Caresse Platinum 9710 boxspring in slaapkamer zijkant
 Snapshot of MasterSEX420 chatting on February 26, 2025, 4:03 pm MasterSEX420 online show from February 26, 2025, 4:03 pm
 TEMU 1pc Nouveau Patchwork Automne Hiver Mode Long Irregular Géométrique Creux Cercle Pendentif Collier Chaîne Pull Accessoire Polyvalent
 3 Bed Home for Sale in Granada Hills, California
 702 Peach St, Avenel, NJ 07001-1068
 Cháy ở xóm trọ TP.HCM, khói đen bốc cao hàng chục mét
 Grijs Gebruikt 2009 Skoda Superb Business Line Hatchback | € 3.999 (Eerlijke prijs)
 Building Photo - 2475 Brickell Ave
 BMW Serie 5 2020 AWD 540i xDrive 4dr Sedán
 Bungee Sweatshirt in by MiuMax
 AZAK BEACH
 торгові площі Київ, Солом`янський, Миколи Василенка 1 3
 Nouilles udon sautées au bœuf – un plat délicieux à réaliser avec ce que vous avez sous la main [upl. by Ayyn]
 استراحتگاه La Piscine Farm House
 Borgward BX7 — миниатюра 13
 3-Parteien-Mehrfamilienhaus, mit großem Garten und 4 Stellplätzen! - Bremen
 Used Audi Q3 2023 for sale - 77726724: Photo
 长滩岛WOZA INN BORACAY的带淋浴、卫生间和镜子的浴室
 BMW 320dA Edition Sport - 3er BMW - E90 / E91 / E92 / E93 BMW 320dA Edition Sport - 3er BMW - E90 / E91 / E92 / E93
···
- [TASK BRIEF]: Exactly and only the lines from the line containing "BMW Serie 5 2020 AWD 540i xDrive 4dr Sedán" through the final line of the records above must be returned.

- [WRITTEN SOLUTION]:
 BMW Serie 5 2020 AWD 540i xDrive 4dr Sedán
 Bungee Sweatshirt in by MiuMax
 AZAK BEACH
 торгові площі Київ, Солом`янський, Миколи Василенка 1 3
 Nouilles udon sautées au bœuf – un plat délicieux à réaliser avec ce que vous avez sous la main [upl. by Ayyn]
 استراحتگاه La Piscine Farm House
 Borgward BX7 — миниатюра 13
 3-Parteien-Mehrfamilienhaus, mit großem Garten und 4 Stellplätzen! - Bremen
 Used Audi Q3 2023 for sale - 77726724: Photo
 长滩岛WOZA INN BORACAY的带淋浴、卫生间和镜子的浴室
 BMW 320dA Edition Sport - 3er BMW - E90 / E91 / E92 / E93 BMW 320dA Edition Sport - 3er BMW - E90 / E91 / E92 / E93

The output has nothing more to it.